Ingredient-Guided Cascaded Multi-Attention Network for Food Recognition

Weiqing Min, Linhu Liu, Zhengdong Luo, Shuqiang Jiang
(ACMMM 2019)


Recently, food recognition is gaining more attention in the multimedia community due to its various applications, e.g., multimodal foodlog and personalized healthcare. Most of existing methods directly extract visual features of the whole image using popular deep networks for food recognition without considering its own characteristics. Compared with other types of object images, food images generally do not exhibit distinctive spatial arrangement and common semantic patterns, and thus are very hard to capture discriminative information.

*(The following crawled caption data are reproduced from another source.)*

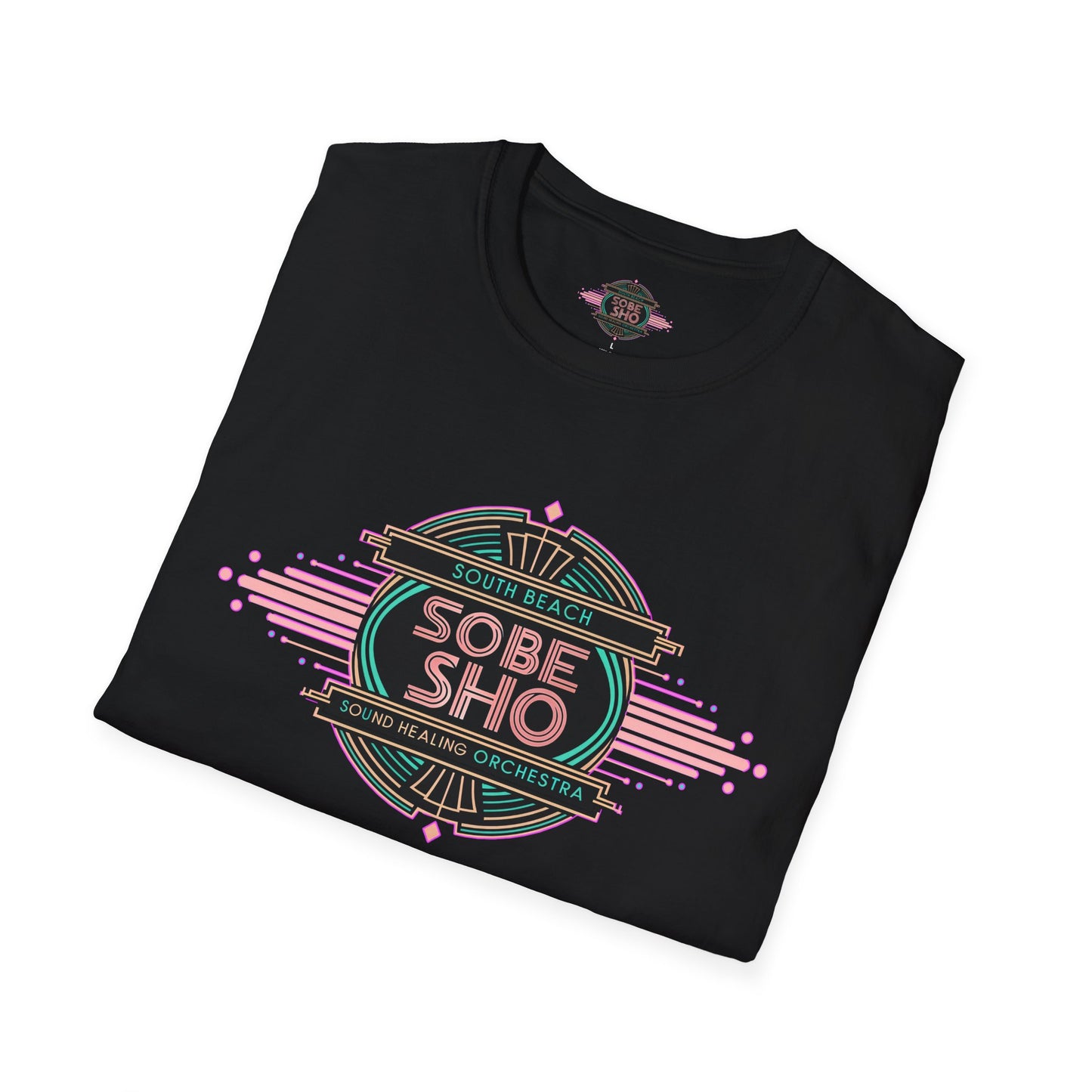 Retro Resonance  Unisex Softstyle T-Shirt, South Beach Sound Healing Orchestra x [dNASAb] merch, Mindful Graphic Tee for Beach Days, Sound Healing Vibes & Everyday Ease (front print only)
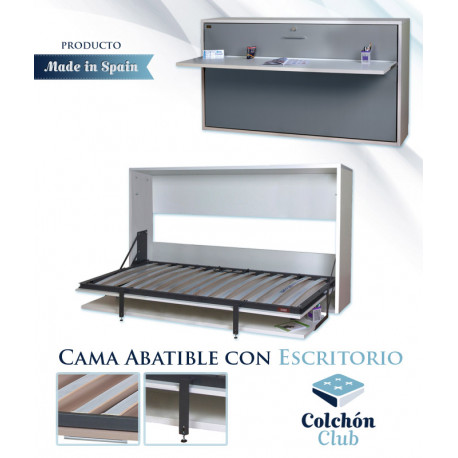 Pack Cama Abatible Horizontal con escritorio y Colchón Ref Y45000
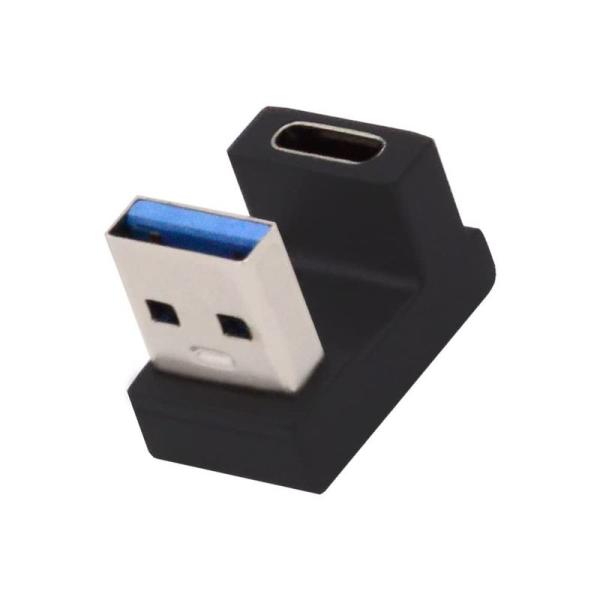 Cablecc USB-C Type C メス U字型からUSB 3.0 Aオス データアダプター ...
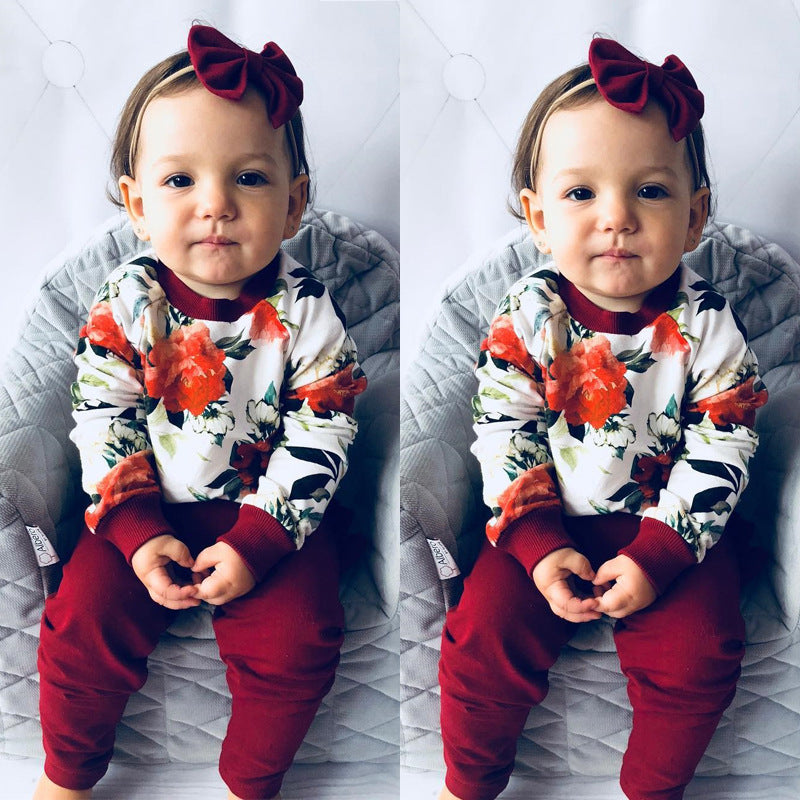 Baby Girls Flower Print Top Pleated Bow 3 Pcs Suit Outfits
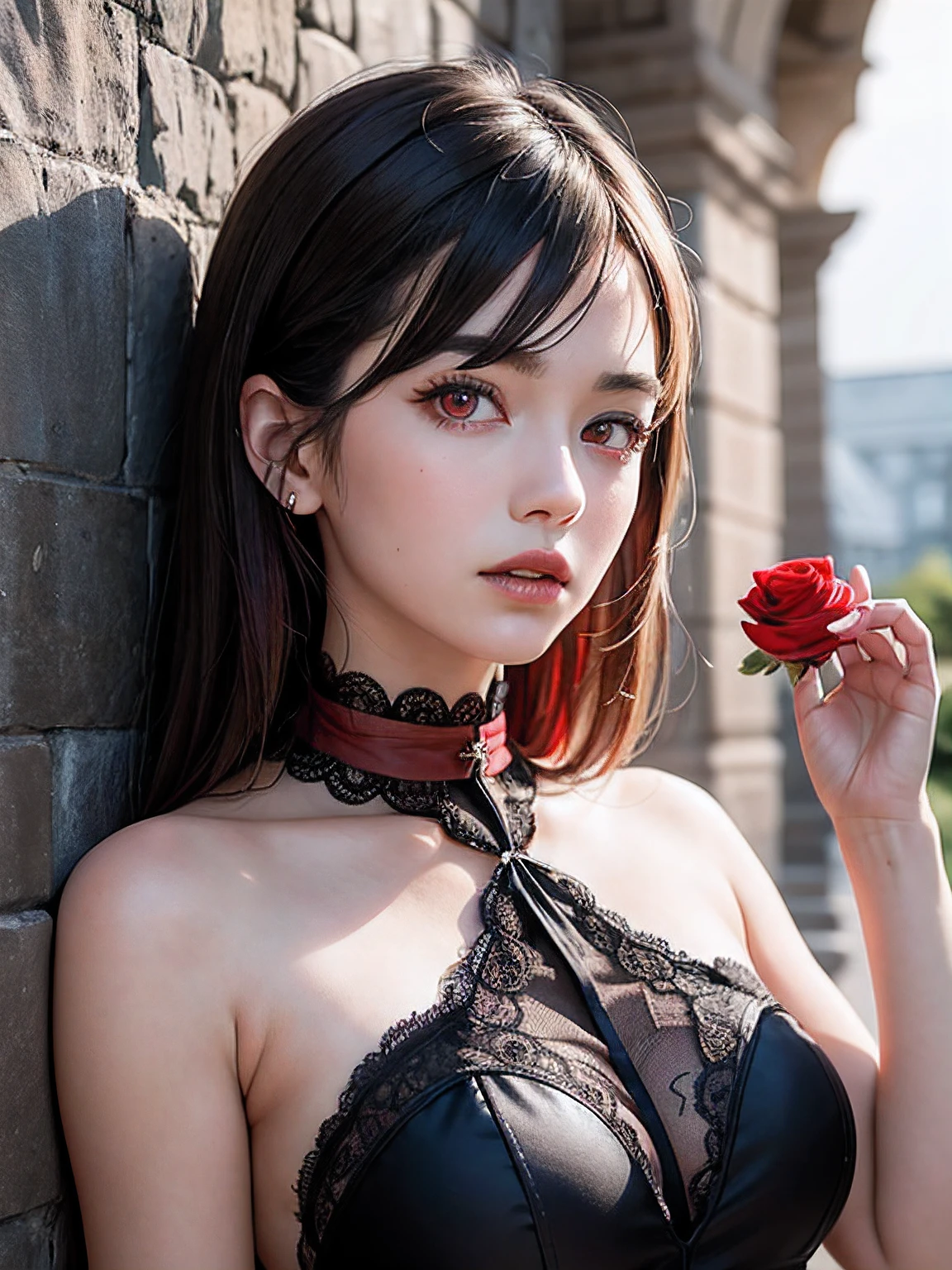 8k, masterpiece, best quality, photorealistic, raw photo, ultra high definition, 1 woman, ((red eyes:1.4)), long messy red hair, pale skin, medium breasts, very low cut sheer gown with lace trim, black lace choker with a diamond pendant, standing against a wall, sad expression, head angled down, eyes looking at viewer, mouth open slightly, (black lipstick), holding a rose in her right hand, medieval castle wall background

In this work, we achieve food recognition by developing an Ingredient-Guided Cascaded Multi-Attention Network (IG-CMAN), which is capable of sequentially localizing multiple informative image regions with multi-scale from category-level to ingredient-level guidance in a coarse-to-fine manner. At the first level, IG-CMAN generates the initial attentional region from the category-supervised network with Spatial Transformer (ST). Taking this localized attentional region as the reference, IG-CMAN combined ST with LSTM to sequentially discover diverse attentional regions with fine-grained scales from ingredient-guided sub-network in the following levels. Furthermore, we introduce a new dataset WikiFood-200 with 200 food categories from the list in the Wikipedia, about 200,000 food images and 319 ingredients. We conduct extensive experiment on two popular food datasets and newly proposed WikiFood-200, demonstrating that our method achieves the state-of-the-art performance in Top-1 accuracy. Qualitative results along with visualization further show that IG-CMAN can introduce the explainability for localized regions, and is able to learn relevant regions for ingredients.

  • Weiqing Min, Linhu Liu, Zhengdong Luo, Shuqiang Jiang. Ingredient-Guided Cascaded Multi-Attention Network for Food Recognition. (ACM Multimedia 2019), 21-25 October 2019, Nice, France.